* Exercise *
Beginning at the line that holds "I'm not Obama's", repeat every line through the last line of the material, exactly, and drop any pictures.

════════════════════

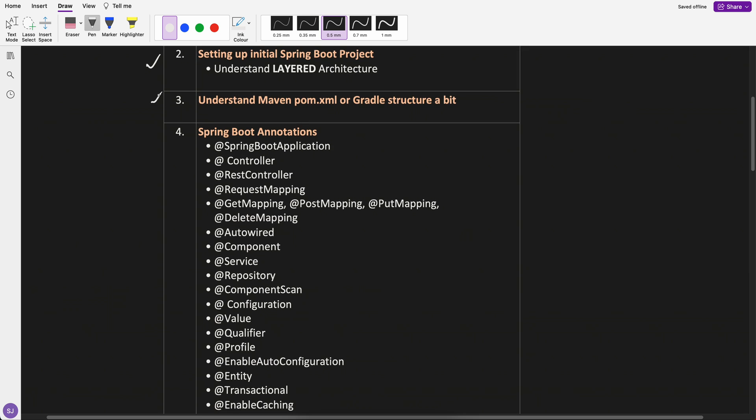After that, I have put understanding of Maven, pom.xml or Gradle. Because we are going to add a lot of dependencies. If you don't know either Gradle or Maven, then I think it's better.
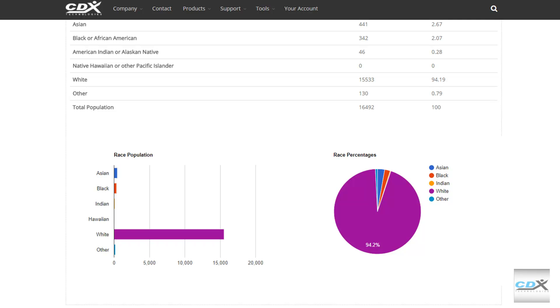If you have a long list of zip codes, we also offer products that can provide bulk demographic data.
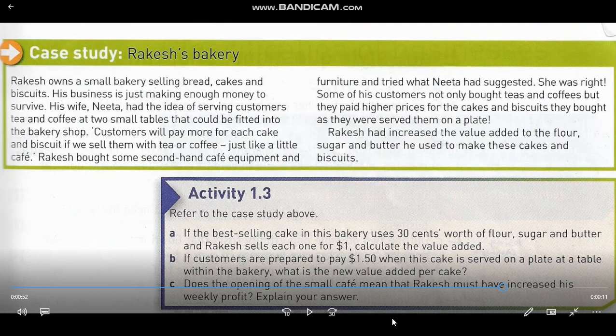For Letter B, the situation has changed — the selling price has increased. If customers are prepared to pay $1.50 when the cake is served on a plate at a table within the bakery, what is the new value added per cake? It's $1.50 minus $0.30, which gives $1.20 as the new value added per cake.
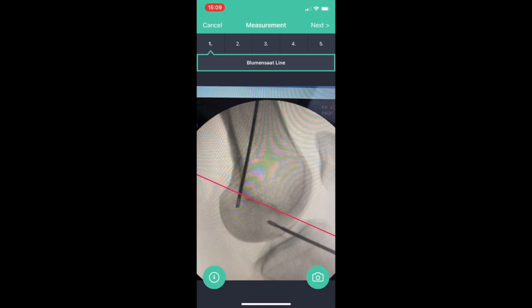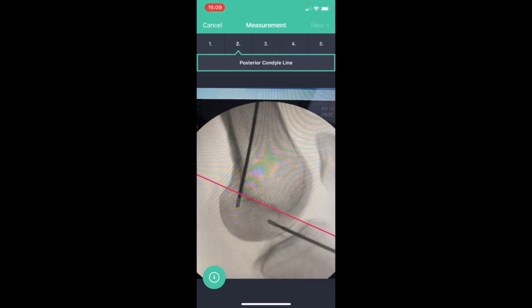By releasing the finger the line is tight. Then I move on to the next step. Here I have to define the posterior condyle line.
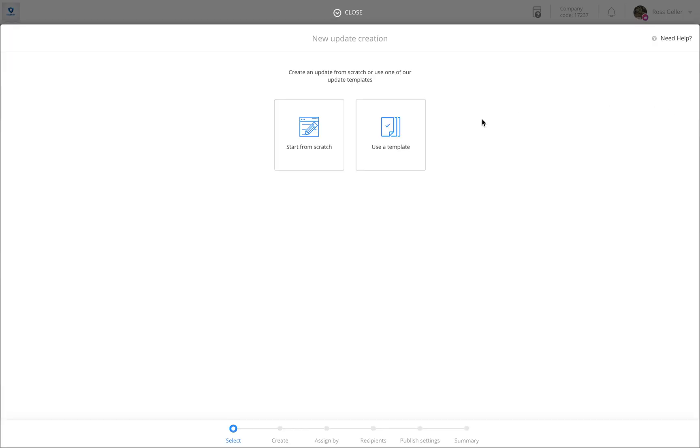You'll have two options: either start from scratch or use one of our templates that we have created for you. Feel free to check out the templates later on.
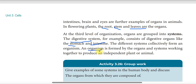The organism is part of a population. If you have a population, it can be part of a community. If you use the concept of biosphere, it encompasses all organisms.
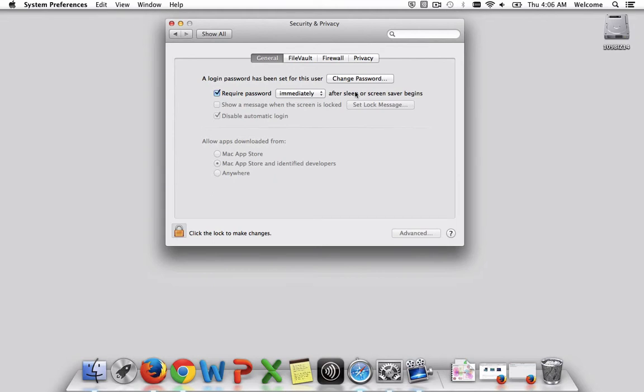And the reason why we want to do this is because once your laptop, once you close the lid or it goes to sleep, when you lift that lid up, you're required to enter a password. And that's good security to keep other people out, even someone who's purposely trying to get into your laptop. So we always want to keep this checked.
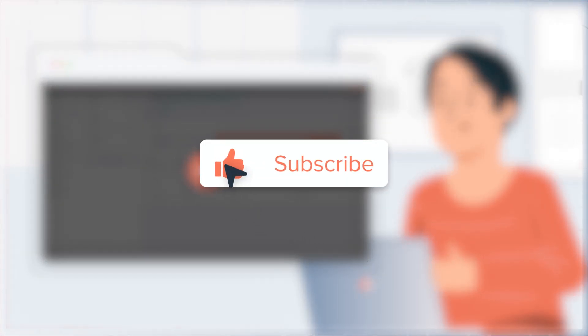If you found this tutorial helpful, hit the like button and subscribe to HubSpot tutorials by Webdo for more informative content.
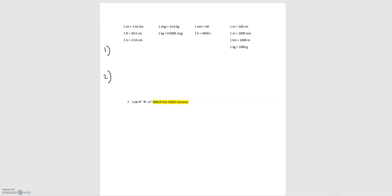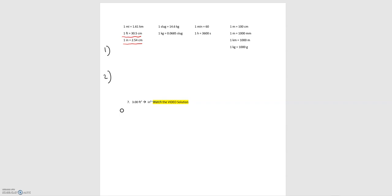The first approach relies on the unit conversions given in the module note packets. You may have noticed there isn't a direct conversion from feet to inches — we have one foot equals 30.5 centimeters, and one inch equals 2.54 centimeters. So we'll use a two-step approach: first converting feet squared to centimeters squared, then centimeters squared to inches squared.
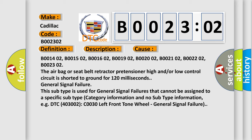The airbag or seat belt retractor pretensioner high and/or low control circuit is shorted to ground for 120 milliseconds. General signal failure. This subtype is used for general signal failures that cannot be assigned to a specific subtype category information and no subtype information.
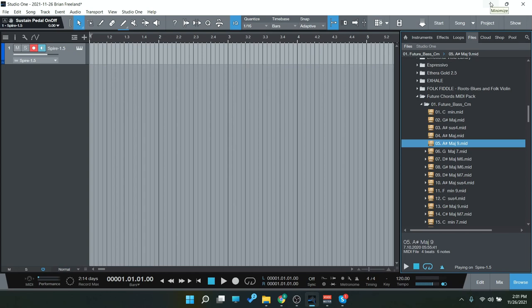Hey everyone, Brian here with Audio Plugin Deals. Today we're going to check out the newest freebie, the Future Chords Midi Pack.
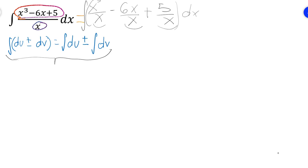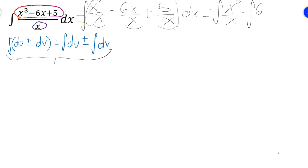So we're going to need to get the integral of each one of them. The first one is the integral of x³ over x, minus the integral of 6x over x. The last one is 5 over x, dx.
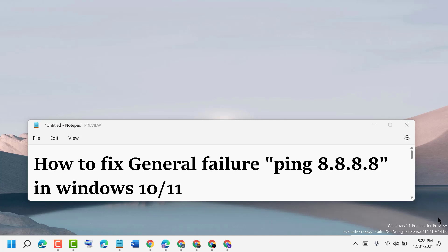Hello friends, today in this video I will show you how to fix general failure ping 8.8.8.8 in Windows 10 or 11. If you are facing this error and seeing general failure,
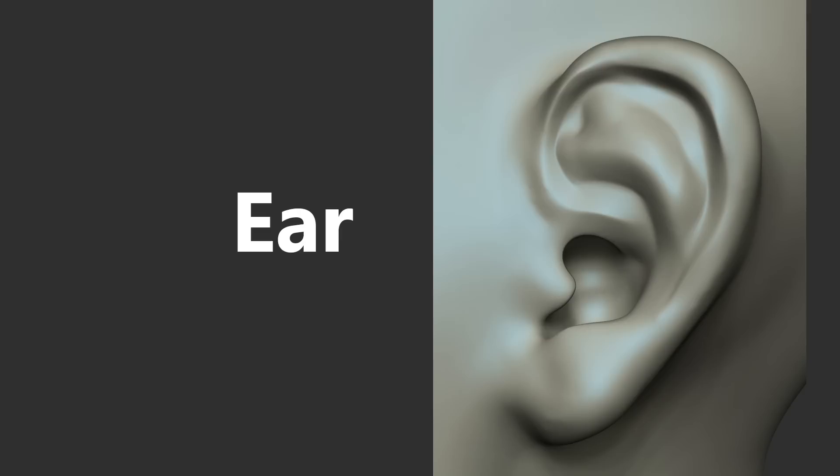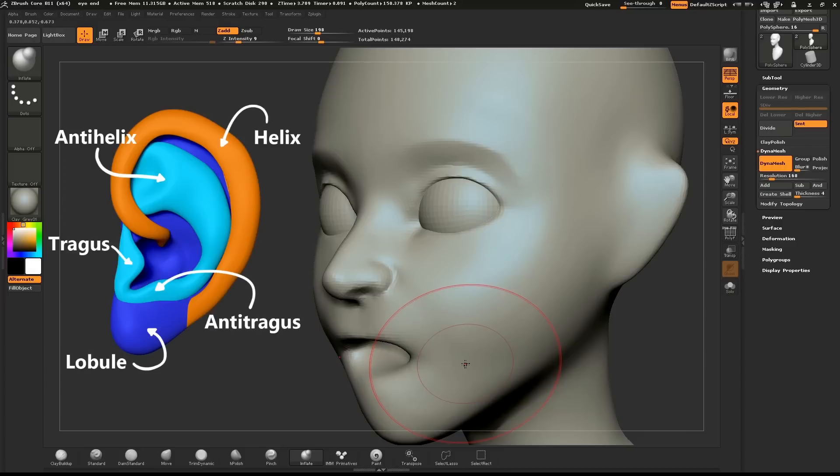We'll now start sculpting the ear. I'll leave up this diagram to help us out. The ear is composed of three major parts and a couple of details.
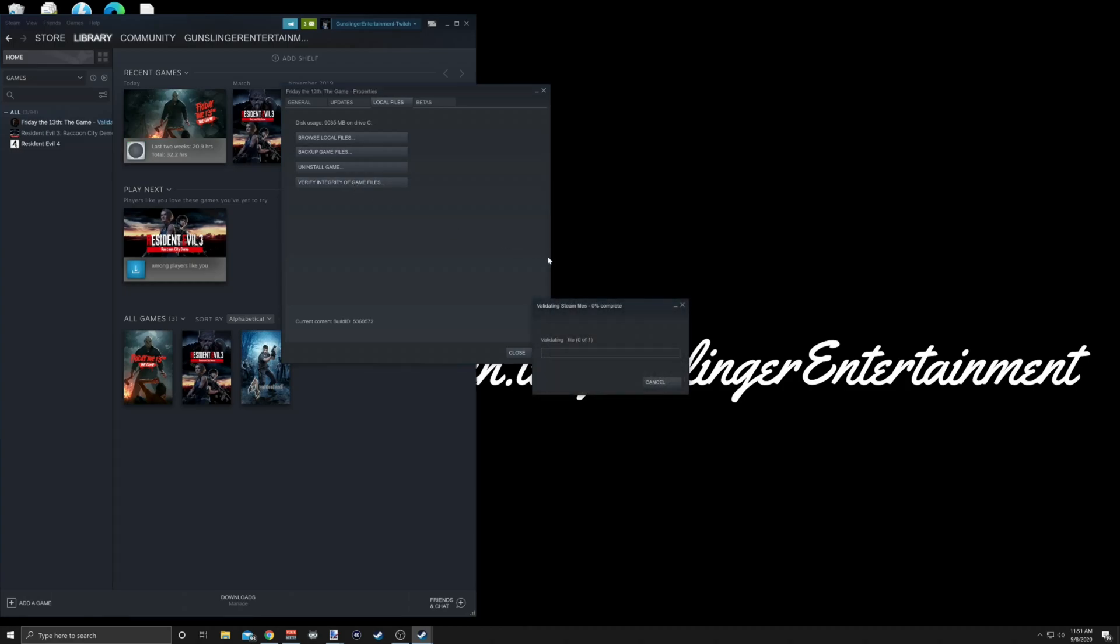You're going to let it do its thing and let it reset. Basically what it's doing is telling your computer that this is like a new game, so it's going to let you reopen it. Unfortunately, the only drawback is that all your settings will be gone, so any sort of key bindings or preferences will be gone.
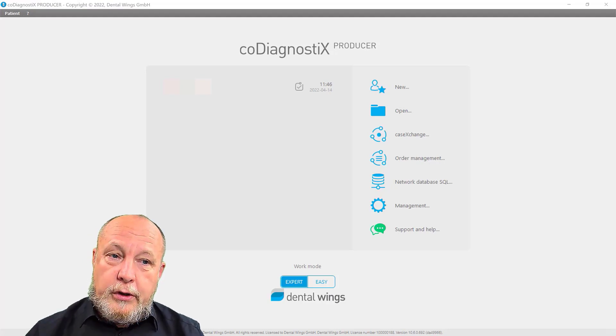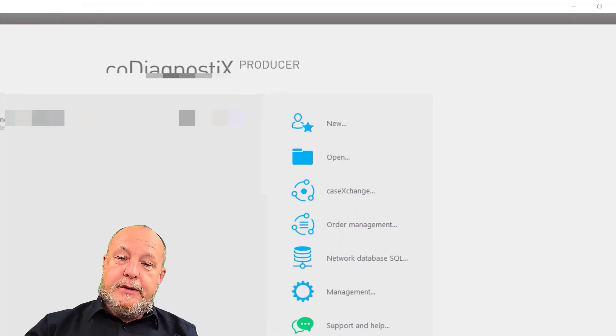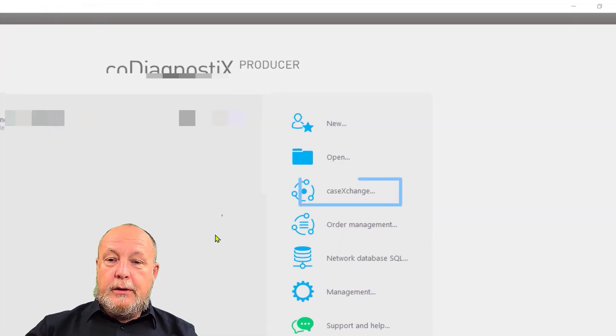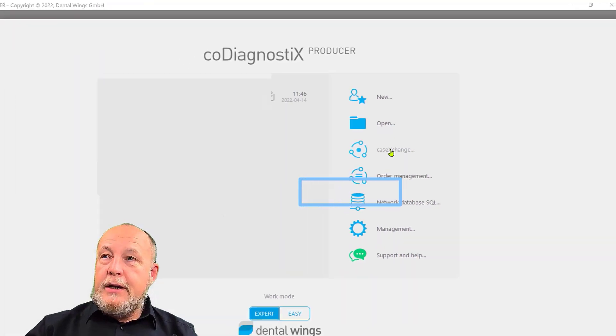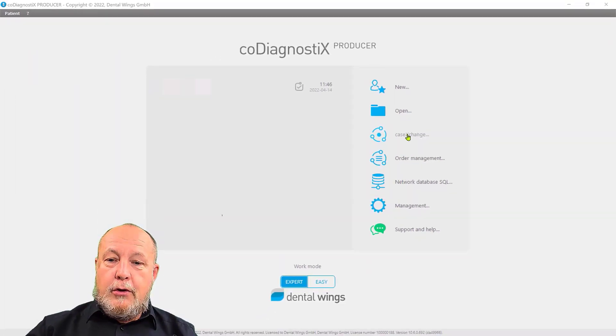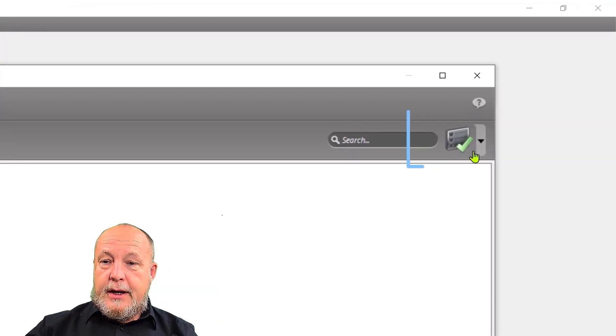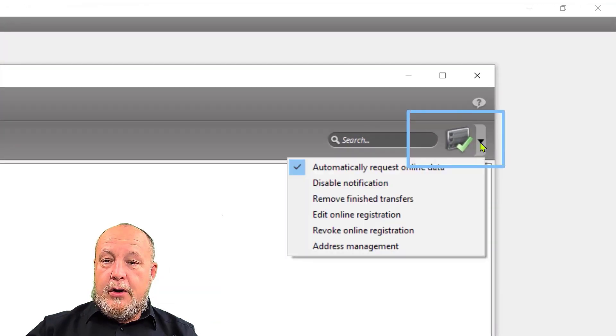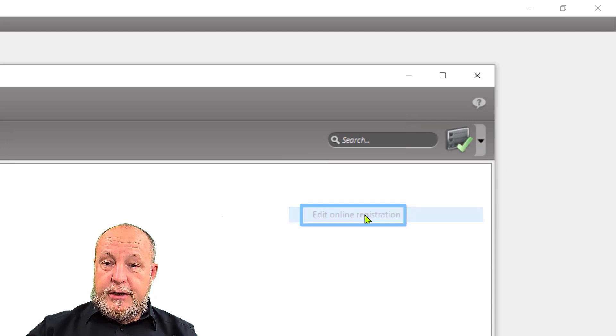But what if you did not store it? There is a small possibility to find it on your old computer. Go on case exchange, then here go on edit online registration.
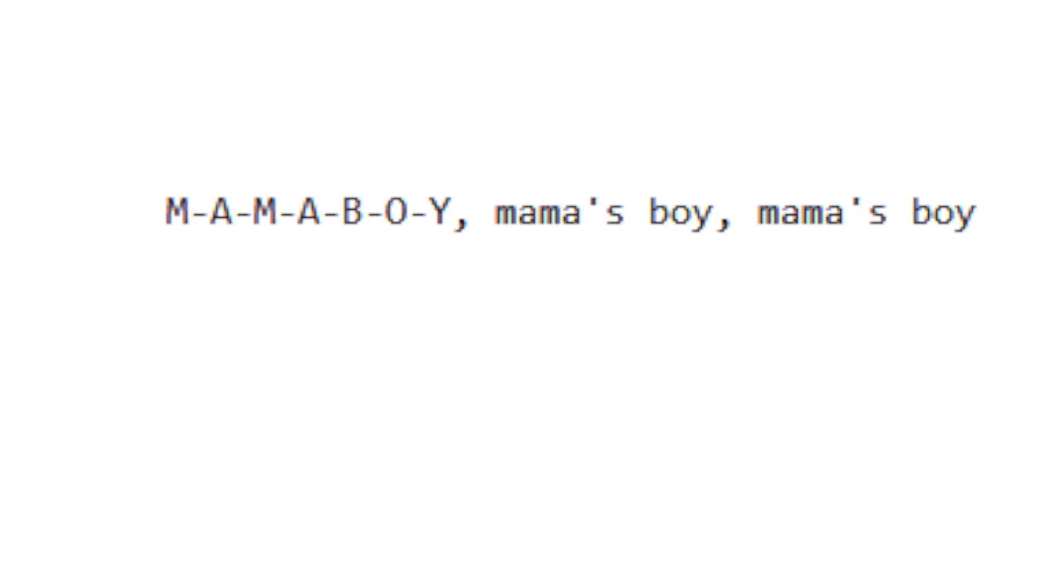I'm not Obama's boy. M-A-M-A-B-O-Y, mama's boy, mama's boy.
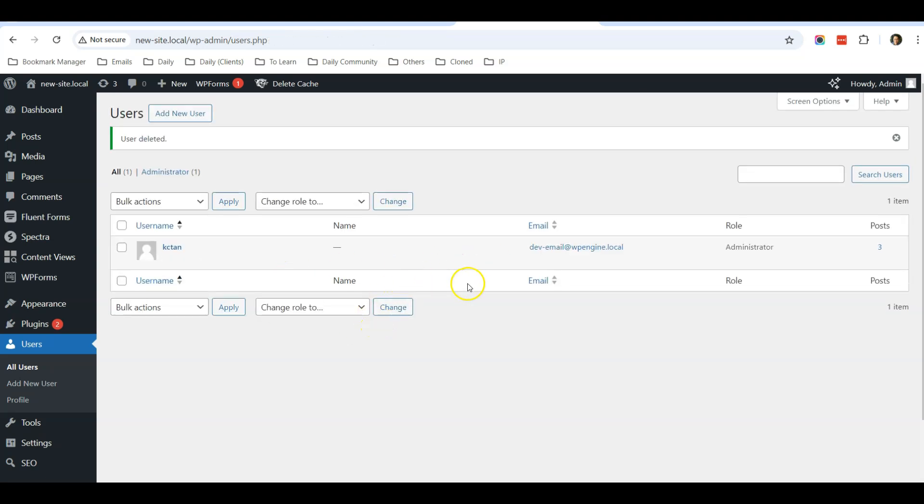Okay, and he's gone. That's how you delete an admin user in WordPress. Feel free to comment if you have any questions. See you then.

════════════════════

* Solution to this exercise *
I'm not Obama's boy. M-A-M-A-B-O-Y, mama's boy, mama's boy.
Okay, and he's gone. That's how you delete an admin user in WordPress. Feel free to comment if you have any questions. See you then.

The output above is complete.